Tree by Denise Vakili, Carlsbad, California
Mr. Quinn's Christmas VisionLawyer Terry Quinn holds forth about the $500,000 price tag on a parking place near the slopes in tony Vail Colorado:
Headline: Prime Vail parking space available for $500,000
This is like those Detroit big shots who came to D.C. recently, each in his own private jet, to ask for handouts. Or AIG, whose execs sojourned at a pricey spa while it was getting assigned a space at the federal trough.
There are wealthy people who are clueless — or indifferent — about the effect their extravagance has on others less fortunate.
It’s amazing how anyone could pay that kind of money for a parking space, so he doesn’t have to walk so far to get to the slopes. I presume it’s a super-size space, so a Hummer or stretch limo can fit in it.
Terry Quinn
Eagle
This rich guy is selling his own parking space at Vail. If the market will bear it, may he get his price. Mr. Quinn, Esq. is angered that anyone should enjoy such opulence where he can hear about it. Neal
Boortz interviewed him today, and Quinn repeatedly
grumped about the rich "flaunting" their wealth before those "less fortunate". Please correct me if you need, but it seems to me that merely having summat that another does not is not "flaunting". Were I to have a 24k gold Hummer, autographed by Arnold Schwarzenegger in platinum ink, with ruby and diamond appointed spinners, and were I to do wheelies in front of self-confessed middle-class Quinn's home as he shovels his walk, I believe that could qualify as "flaunting".

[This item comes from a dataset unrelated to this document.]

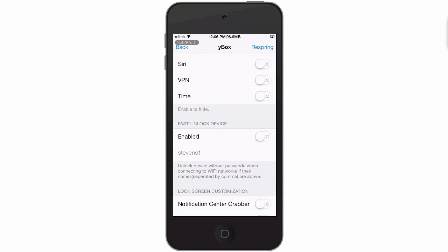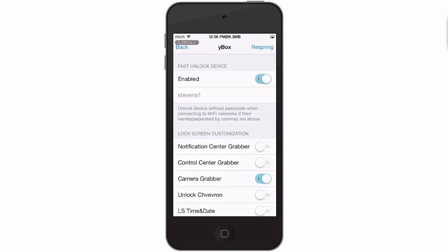Here's fast unlock. I couldn't get this feature to work for some reason, but you can type in the name of your SSID here and enable this. If you have a passcode on your device, you won't have to input it on that particular network. You can have more than one by adding commas between them. So if you go to several different places, just separate them by comma, and at your trusted Wi-Fi locations you won't have to enter your passcode.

I think that I would quite enjoy it.
Mr Quinn is quite a font of error. The Big Auto guys were in corporate jets, NOT private. They are part of their contract. The hourly cost of these bigwigs is enormous, and one of the
CEOs driving to DC would equal an enormous chunk of Mr. Quinn's middle-class yearly income. I do join his outrage at the
AIG spa junket. He reveals his heart in this statement:
There are wealthy people who are clueless — or indifferent — about the effect their extravagance has on others less fortunate.
Well, clearly their extravagance is affecting Mr. Quinn in driving him toward extensive therapy, but for those of us a tad less quirky, it has little effect, except perhaps for those who manufacture the goods, and repair the goods, and sell the goods, and maintain the goods that the wealthy enjoy so
ostentatiously. The money The Rich spend spreads across the economy, like so much Beluga caviar on toast points. The more slathered on the economy, the better.
Mr. Quinn, speaking with
Boortz, expressed his solution clearly: you should not buy something that another cannot afford, which thought fills me with rage. I mean, I shop at
Wal-Mart, which is grossly unfair to me, especially as there are many who shop at Target, and Macy's. But what about those privileged
schlubs, forced to shop Tar-
ZHAY when those across town habitually shop
Nieman-Marcus? Thus we are led to Terry Quinn's Christmas Vision, a world where everyone shops at the Dollar Store. EVERYONE can afford that, yes?
The left loves to parade Homelessness and Hunger before our eyes at this merry time, not so much to
encourage Charity, but to spread guilt and misery, those most Liberal of commodities. THEY cannot shop the Dollar Store, nor even the Thrift Shop, and those who can should not flaunt their extravagance before the eyes of the indigent.Clearly Terry Quinn's vision of equity must bring us to this point: a shoeless,
soapless, jobless society where there is no-one above us to hire us, mentor us, give us something to shoot for, because some imbecile in kindergarten decided to teach Terry Quinn the concept of "fair".
Merry Christmas to all, and a squalid good night.